Anyone over the age of 20 likely remembers magnetic media in the form of floppy disks.  Maybe you remember the not-so-floppy 3.5″ floppies (remember those puppies?  1.44MB on a high-den, 720kb on a double-den).  Maybe you even remember the really-floppy 5.25″ disks (1.2MB on a high-den, 360kb on a double-den, if I remember correctly!).  If you have data stored on those things right now, how much of a hassle would it be to try to get that data out of there?  And how much luck would you have in opening an old Wordperfect document, Harvard Graphics presentation, Quattro Pro spreadsheet, or running some of those classic DOS programs that weren’t built for systems with more than 1024kb of RAM?

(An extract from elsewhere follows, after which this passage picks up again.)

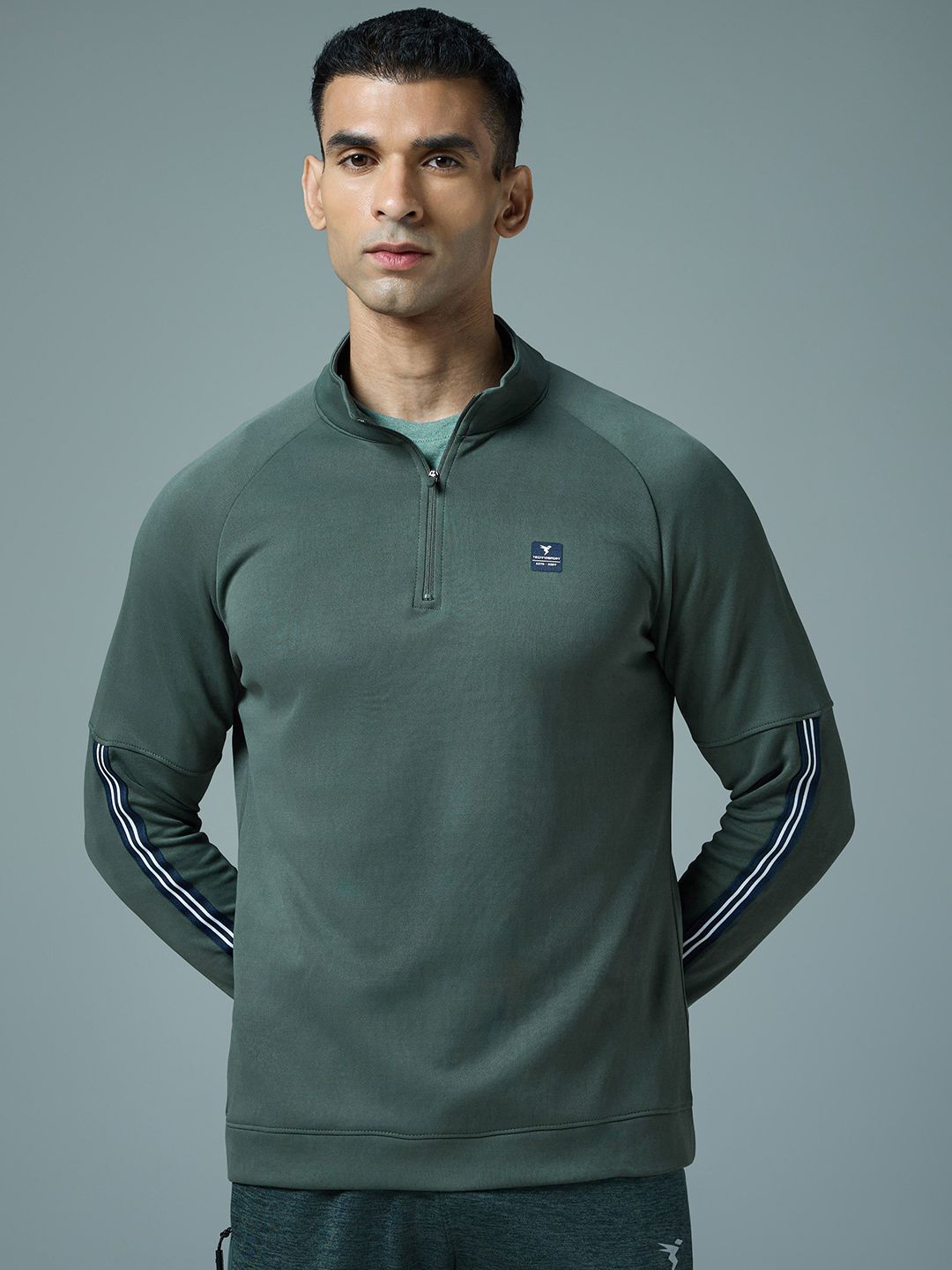 Buy Technosport Men Solid Slim Fit Mock Neck Sports Sweatshirt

Even if you have data stored on media that you can still read, there’s the problem of actually accessing it.  When I was working for a different provincial ministry, I asked our key IT contact about the process involved with restoring critical information back to our file servers if they were ever damaged or lost.  He told me, no problems, we have the data on backup tapes, cycled at varied intervals, all protected off-site, in a vault, or wherever.  Unfortunately, in order to restore the image backups, you had to have a new server that was the exact same configuration as the one that you’ve lost.  That is the big challenge – how do you get the exact same server as the one you lost if the one you lost is 1, 2, or 3 years old?  Technology moves on.  Vendors generally don’t offer systems and configurations that they did 1, 2, or 3 years ago.

His answer was that unless we got the exact same configuration, we would not be able to restore data off our tapes.  Simple as that.  How long would that take?  Anyone’s guess.  If you had the system on-hand, it would take a few hours to restore the data.  But if you didn’t, it could take a week, two weeks, or even a month or more to get the right machine delivered.  That’s unacceptable for critical data that you must have on-hand for business continuity purposes.

How much worse would it be for an archivist or any sort of researcher trying to get the data off that tape 10, 15, 25, 50, or 100 years from now?   They probably would never be able to get the records and information off there.  It would, for all intents and purposes, be absolutely lost to us, even if the physical media itself survived.

The move from physical records to digital records is one of the big challenges and headaches that archivists around the world are wrestling with.  There’s no going back to a world that relies on paper and physical documentation.  But key, critical data and information needs to be stored and protected in physical form.  There simply is no choice in the matter.

There are business continuity reasons for this in the short-term.  There are historical archival reasons for this in the long-term.

Etchings on stone slabs will survive for thousands of years.  Printed material will survive for centuries.  Digital data may only survive for a handful of years.

If everything goes right, digital data is magnificent.  But things will go wrong, somewhere down the road.  You might need to access information stored in a digital file that you can’t open anymore.  Or maybe you don’t even have the hardware to read the media.  Or, perhaps someone millennia later is trying to learn about our age or about something that happens in our age.

The article that I linked to above talks about how our knowledge legacy will really only be what we have on printed media.  Digital content will all be lost in due time.  I agree with that view, and I just wanted to point out that there are also near-term, dollars-and-cents reasons for worrying about putting all your eggs in the digital basket.